In Memoriam: C. Wade Savage (1932–2020)

We are sad to announce that former Minnesota Center for Philosophy of Science (MCPS) Director, C. Wade Savage, passed away at the age of 88 in November 2020. Professor Savage was a longtime member of MCPS and its Director from 1980–1984. He taught in the Department of Philosophy at the University of Minnesota from 1971 until his retirement in 2004. His research interests revolved around issues in philosophy of cognitive science and psychology, though he focused on a diverse array of topics over his career (e.g., epistemology, early modern philosophy, logical empiricism, and general philosophy of science). Professor Savage also was a member and regular participant in the Center for Cognitive Sciences at the University of Minnesota.

Professor Savage was born and raised in Tuscaloosa, Alabama, and graduated from the University of Alabama with a degree in chemistry and philosophy. From there he moved to Iowa State University and completed an M.A. in philosophy in 1955 with a thesis entitled, “The Emotive Theory Reconsidered: The Moral Philosophy of R.M. Hare.” He continued his graduate studies in philosophy at Cornell University where he finished his Ph.D. under the supervision of Norman Malcolm with a dissertation that signaled his thematic focus on philosophical issues in perception and cognition at the foundations of psychological science: “The Measurement of Loudness and Pitch.” In 1964, he began a position as Assistant Professor of Philosophy at UCLA and continued there until 1971 when he moved to the University of Minnesota as Associate Professor of Philosophy. He was promoted to full professor in the Department of Philosophy in 1980.

In addition to serving as MCPS Director for several years in the early 1980s, Professor Savage was actively involved in its regular activities.

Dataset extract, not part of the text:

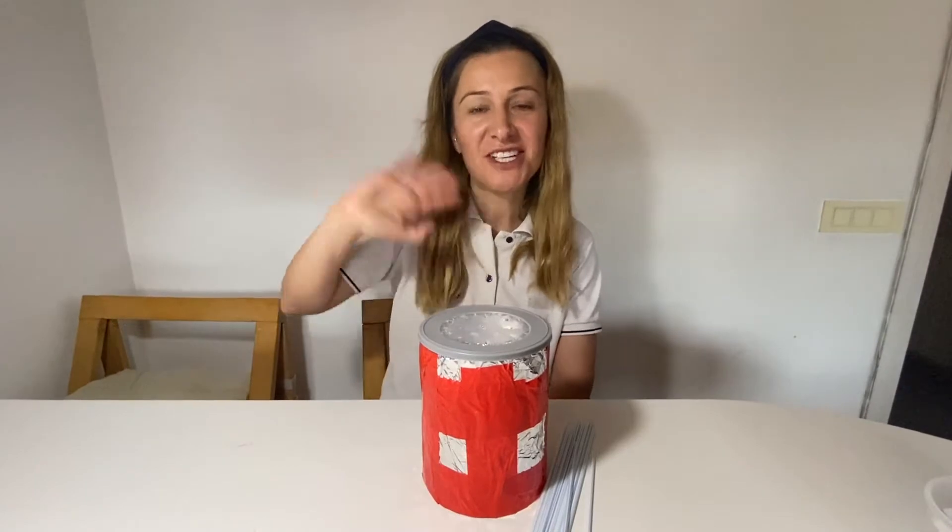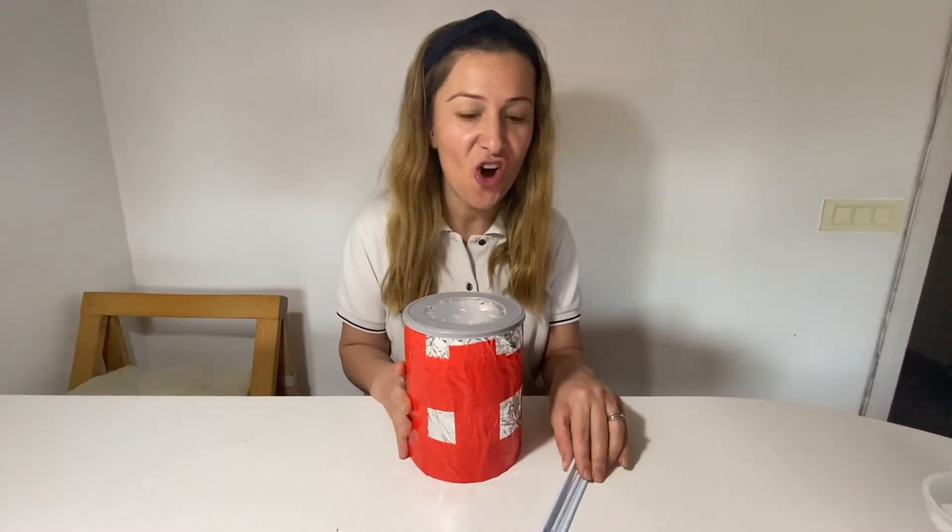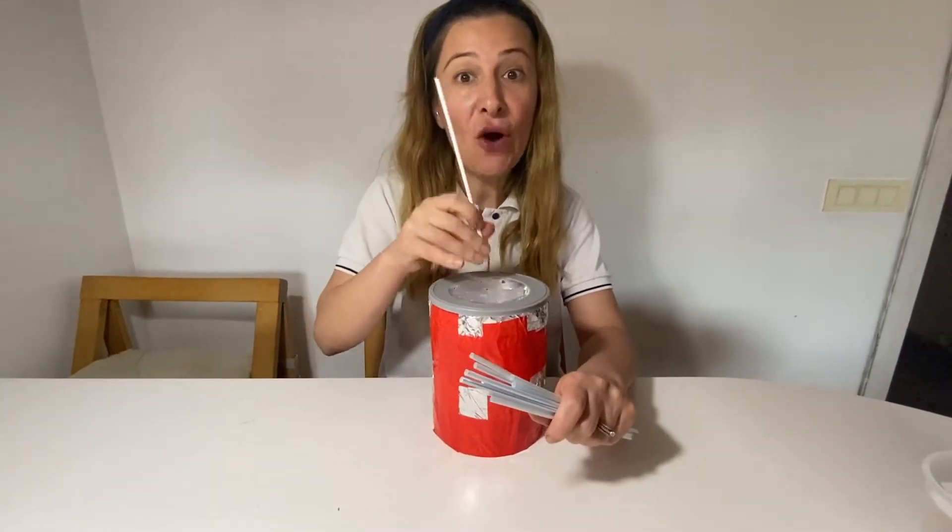Hello, good morning giraffes, good morning elephants, and happy Monday! I hope everybody's well. Today we have a very fun activity. As you see, I have a container and a straw, so what we're gonna do is put the straws through the hole. Mummies and daddies at home, if you have an empty container, I want you to make some holes like this.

For example, he edited several volumes in the Minnesota Studies in Philosophy of Science, including Perception and Cognition: Issues in the Foundations of Psychology (1978 [Volume 9]), Rereading Russell: Essays on Bertrand Russell’s Metaphysics and Epistemology (1989 [Volume 12] – coedited with Tony Anderson and to which he contributed a chapter entitled “Sense-Data in Russell's Theories of Knowledge”), and Scientific Theories (1990 [Volume 14]). Each of these volumes is now available freely online in open access format at the MCPS website. In addition to editing these collections, Savage also contributed chapters to two other Minnesota Studies volumes: (1) “Foundationalism Naturalized” in Cognitive Models of Science (1992 [Volume 15]); and (2) “A New/Old (Pluralist) Resolution of the Mind-Body Problem” in Scientific Pluralism (2006 [Volume 19]).

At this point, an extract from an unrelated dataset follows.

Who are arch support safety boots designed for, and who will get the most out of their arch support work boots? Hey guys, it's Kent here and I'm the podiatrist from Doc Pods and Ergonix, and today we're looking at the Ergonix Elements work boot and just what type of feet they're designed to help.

Professor Savage’s primary area of research was philosophy of cognitive science and philosophy of psychology, especially perception and measurement. This is reflected in several major book-length publications, such as The Measurement of Sensation: A Critique of Perceptual Psychophysics (1970) and Philosophical and Foundational Issues in Measurement Theory (2016) with Philip Ehrlich. In collaboration with Mary Lou Maxwell, he co-edited Science, Mind, and Psychology: Essays in Honor of Grover Maxwell (1989), which honored the scholarship of another MCPS director. Professor Savage also wrote a scholarly tribute for MCPS founding director Herbert Feigl (1902–1988) that appeared in the Proceedings of the Philosophy of Science Association (Volume 2, 1989). He was the author of numerous papers, published and unpublished, including “Introspectionist and Behaviorist Interpretations of Ratio Scales of Perceptual Magnitudes,” “The Continuity of Perceptual and Cognitive Experiences,” “Epistemological Advantages of a Cognitivist Analysis of Sensation and Perception,” and “In Defense of Color Psychophysicalism.” His short article “The Paradox of the Stone” in Philosophical Review (1967) offered an insightful logical analysis of the classic omnipotence paradox (‘Can God create a rock so big that God cannot lift it?), which has been reprinted in several anthologies.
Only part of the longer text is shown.